Please restate word for word the lines of the entries below from the one with "Weißkopf-Seeadler - ML647667295" to the one with "ヒムロスギのリース 19266821", inclusive, and leave out every picture.

-- THE DATA follows --

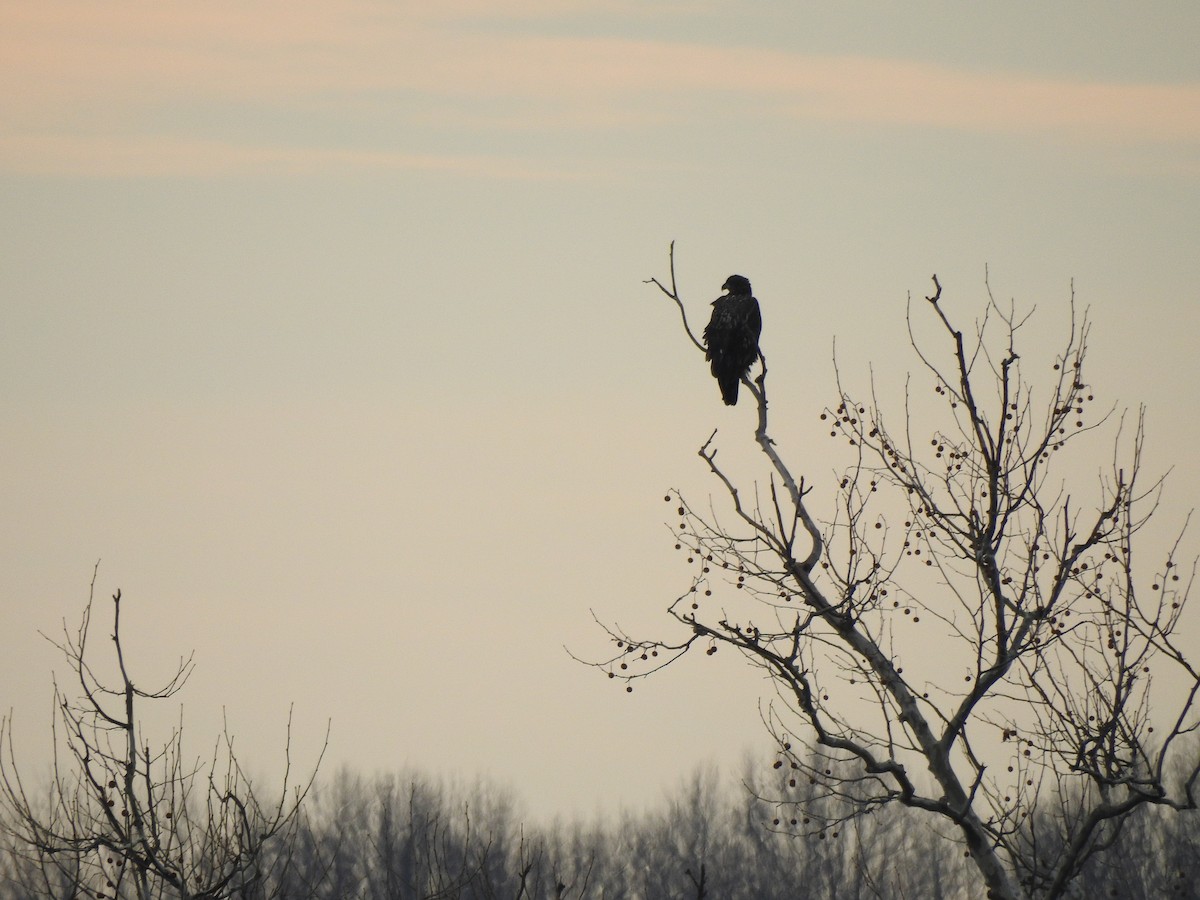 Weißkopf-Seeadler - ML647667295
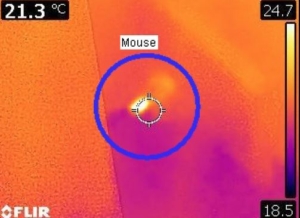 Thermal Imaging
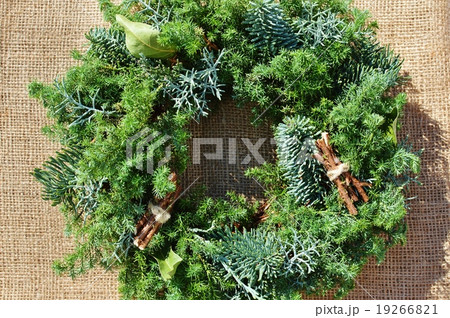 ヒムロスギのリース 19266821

-- THE DATA concluded --
-- THE DATA follows --

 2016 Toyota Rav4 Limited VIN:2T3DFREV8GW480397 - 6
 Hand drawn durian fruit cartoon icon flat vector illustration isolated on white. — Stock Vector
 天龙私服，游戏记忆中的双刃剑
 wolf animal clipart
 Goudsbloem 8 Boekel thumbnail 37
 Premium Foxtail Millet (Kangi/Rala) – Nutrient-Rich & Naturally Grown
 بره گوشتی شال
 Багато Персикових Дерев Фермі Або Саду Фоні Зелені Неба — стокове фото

-- THE DATA concluded --
-- THE DATA follows --

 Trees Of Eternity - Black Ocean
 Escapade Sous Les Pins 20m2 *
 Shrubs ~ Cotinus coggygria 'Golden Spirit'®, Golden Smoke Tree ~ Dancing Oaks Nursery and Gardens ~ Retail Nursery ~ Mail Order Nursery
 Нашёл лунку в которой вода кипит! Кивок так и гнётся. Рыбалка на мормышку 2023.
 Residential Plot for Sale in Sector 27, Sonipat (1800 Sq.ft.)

-- THE DATA concluded --

▶ _PROBLEM SOLUTION_:
 Weißkopf-Seeadler - ML647667295
 Thermal Imaging
 ヒムロスギのリース 19266821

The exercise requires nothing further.